# Dinghy - High-Pressure Inflatable Floor



## jorgenl (Aug 14, 2006)

I am just in the process of determining what type of dinghy I will buy.

Intended usage is on Chesapeake Bay during short term (weekend cruising).

I have a 30’ boat.

I have read thru all the old threads I could find about dinghies and cannot find the info I am looking for, hence the new thread.

I do not want an RIB (I think) because of limited space on foredeck. Right now I am looking at the following West Marine dinghies:

1. RU 3-Person Rollup Boat - $1,049.00
2. HP4 High-Pressure Inflatable Floor Sportboat $1,799.00
3. 4 Person Sportboat - SB4 Sportboat - $1,399.00

I am especially interested in pros and cons for alternative 2 and 3 as per above.

To the point:

It seems to me that it might be nice to have the High Pressure inflatable floor boat and not having to deal with floorboards? Is it worth an additional $400?

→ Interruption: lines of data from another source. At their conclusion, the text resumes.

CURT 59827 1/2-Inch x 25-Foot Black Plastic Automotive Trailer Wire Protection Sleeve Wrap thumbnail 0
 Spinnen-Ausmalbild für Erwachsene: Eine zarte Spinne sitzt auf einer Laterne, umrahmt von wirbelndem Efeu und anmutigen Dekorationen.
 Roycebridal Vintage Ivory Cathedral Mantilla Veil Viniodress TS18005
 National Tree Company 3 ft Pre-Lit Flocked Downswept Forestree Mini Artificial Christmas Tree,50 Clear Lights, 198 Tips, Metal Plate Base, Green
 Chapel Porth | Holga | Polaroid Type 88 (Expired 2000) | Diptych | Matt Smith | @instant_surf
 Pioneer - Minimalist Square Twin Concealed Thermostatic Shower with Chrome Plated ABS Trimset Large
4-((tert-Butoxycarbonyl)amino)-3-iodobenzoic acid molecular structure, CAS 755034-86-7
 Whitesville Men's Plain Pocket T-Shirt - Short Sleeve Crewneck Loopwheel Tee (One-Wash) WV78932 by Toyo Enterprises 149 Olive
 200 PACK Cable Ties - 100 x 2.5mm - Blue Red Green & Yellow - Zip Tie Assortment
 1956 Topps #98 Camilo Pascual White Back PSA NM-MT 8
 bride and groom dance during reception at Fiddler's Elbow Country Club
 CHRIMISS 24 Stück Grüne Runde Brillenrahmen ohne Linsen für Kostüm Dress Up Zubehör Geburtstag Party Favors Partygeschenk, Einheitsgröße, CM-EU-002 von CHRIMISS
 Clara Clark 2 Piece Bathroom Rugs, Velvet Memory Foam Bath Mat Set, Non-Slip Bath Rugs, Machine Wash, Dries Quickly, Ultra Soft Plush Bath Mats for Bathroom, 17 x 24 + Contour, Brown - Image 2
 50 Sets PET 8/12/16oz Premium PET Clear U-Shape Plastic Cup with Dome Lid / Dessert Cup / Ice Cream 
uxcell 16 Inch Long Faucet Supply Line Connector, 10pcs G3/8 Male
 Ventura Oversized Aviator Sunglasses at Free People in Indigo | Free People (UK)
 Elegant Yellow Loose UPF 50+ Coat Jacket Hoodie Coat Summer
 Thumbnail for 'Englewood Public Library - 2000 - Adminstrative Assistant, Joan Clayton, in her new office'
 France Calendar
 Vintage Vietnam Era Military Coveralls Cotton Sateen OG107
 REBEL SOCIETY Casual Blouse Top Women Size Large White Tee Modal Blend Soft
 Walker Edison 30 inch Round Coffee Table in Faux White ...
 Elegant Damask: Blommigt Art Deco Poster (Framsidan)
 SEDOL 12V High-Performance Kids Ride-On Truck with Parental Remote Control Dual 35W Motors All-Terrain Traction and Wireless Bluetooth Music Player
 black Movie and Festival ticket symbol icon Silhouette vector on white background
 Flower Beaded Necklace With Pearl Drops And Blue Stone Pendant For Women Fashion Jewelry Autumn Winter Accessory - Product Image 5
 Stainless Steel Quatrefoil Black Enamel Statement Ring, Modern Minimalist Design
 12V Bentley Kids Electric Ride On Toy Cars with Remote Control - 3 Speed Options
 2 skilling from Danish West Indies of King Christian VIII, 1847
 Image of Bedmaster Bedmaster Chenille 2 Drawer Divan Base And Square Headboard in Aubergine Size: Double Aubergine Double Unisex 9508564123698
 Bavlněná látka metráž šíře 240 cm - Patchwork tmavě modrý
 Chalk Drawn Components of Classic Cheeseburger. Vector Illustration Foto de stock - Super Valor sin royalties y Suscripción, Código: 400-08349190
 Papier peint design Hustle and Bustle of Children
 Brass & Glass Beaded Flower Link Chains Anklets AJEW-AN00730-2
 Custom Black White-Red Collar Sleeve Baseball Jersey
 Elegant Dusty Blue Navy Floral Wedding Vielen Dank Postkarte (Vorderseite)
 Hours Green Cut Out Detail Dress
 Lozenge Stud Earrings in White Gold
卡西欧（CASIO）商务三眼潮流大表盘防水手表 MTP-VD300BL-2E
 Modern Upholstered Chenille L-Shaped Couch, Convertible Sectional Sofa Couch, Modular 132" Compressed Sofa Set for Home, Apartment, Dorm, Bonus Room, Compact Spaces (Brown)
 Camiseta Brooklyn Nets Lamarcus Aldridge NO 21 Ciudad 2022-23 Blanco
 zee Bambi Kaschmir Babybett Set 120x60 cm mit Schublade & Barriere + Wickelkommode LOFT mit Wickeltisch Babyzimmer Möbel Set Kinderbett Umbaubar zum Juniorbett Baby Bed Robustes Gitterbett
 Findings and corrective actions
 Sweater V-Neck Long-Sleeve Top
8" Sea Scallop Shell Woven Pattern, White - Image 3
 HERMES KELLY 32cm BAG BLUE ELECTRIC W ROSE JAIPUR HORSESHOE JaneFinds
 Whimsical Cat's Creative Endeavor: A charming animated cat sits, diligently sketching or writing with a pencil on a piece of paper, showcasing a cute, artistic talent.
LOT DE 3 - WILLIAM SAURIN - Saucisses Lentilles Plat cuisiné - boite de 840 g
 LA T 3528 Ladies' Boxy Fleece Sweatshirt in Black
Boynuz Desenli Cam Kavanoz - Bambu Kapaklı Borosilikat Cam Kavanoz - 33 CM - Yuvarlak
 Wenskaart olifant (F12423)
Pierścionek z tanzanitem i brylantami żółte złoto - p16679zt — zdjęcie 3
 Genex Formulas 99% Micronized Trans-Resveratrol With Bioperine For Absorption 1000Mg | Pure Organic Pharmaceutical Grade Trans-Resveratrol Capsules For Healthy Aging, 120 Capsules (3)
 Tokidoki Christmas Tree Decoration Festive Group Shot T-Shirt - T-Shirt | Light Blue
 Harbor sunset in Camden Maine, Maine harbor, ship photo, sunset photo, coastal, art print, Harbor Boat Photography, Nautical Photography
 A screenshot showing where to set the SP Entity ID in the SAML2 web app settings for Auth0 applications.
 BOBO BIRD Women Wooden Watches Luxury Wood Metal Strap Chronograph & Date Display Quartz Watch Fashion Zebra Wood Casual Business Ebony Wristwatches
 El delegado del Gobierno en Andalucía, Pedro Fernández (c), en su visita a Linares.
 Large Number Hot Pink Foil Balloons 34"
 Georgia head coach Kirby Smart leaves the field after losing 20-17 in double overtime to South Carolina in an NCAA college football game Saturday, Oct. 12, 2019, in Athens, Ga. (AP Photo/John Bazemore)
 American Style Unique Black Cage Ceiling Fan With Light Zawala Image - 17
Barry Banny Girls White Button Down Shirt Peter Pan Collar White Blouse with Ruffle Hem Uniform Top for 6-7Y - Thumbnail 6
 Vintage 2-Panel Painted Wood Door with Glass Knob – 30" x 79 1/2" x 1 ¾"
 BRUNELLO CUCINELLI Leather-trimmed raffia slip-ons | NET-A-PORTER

For the Outboard I am thinking Merc 3.5HP.

Thankful for and advice and opinion.


----------



## labatt (Jul 31, 2006)

I have an Avon R280HP high pressure inflatable floor and love it. We can't put as large a motor on it as a RIB, but we can also easily store it away and it weighs a lot less. I have heard mixed reviews of the West Marine dinghies. They are made by Avon and Zodiac, but not to the same level of quality from what I understand. We had a Johnson 3.5HP on it which worked OK (for slow putt-putting around) but now we're upgrading to a 6HP Merc.


----------



## AtlanticBryan (Jun 27, 2001)

I have an HP floor on my Avon. It works well, although the valve is poorly designed and inclined to leak slowly. I'm not sure it takes up less room than a roll-up floorboard - I've never seen the floorboard version rolled up. The inflatable floor rolled up is about four inches thick.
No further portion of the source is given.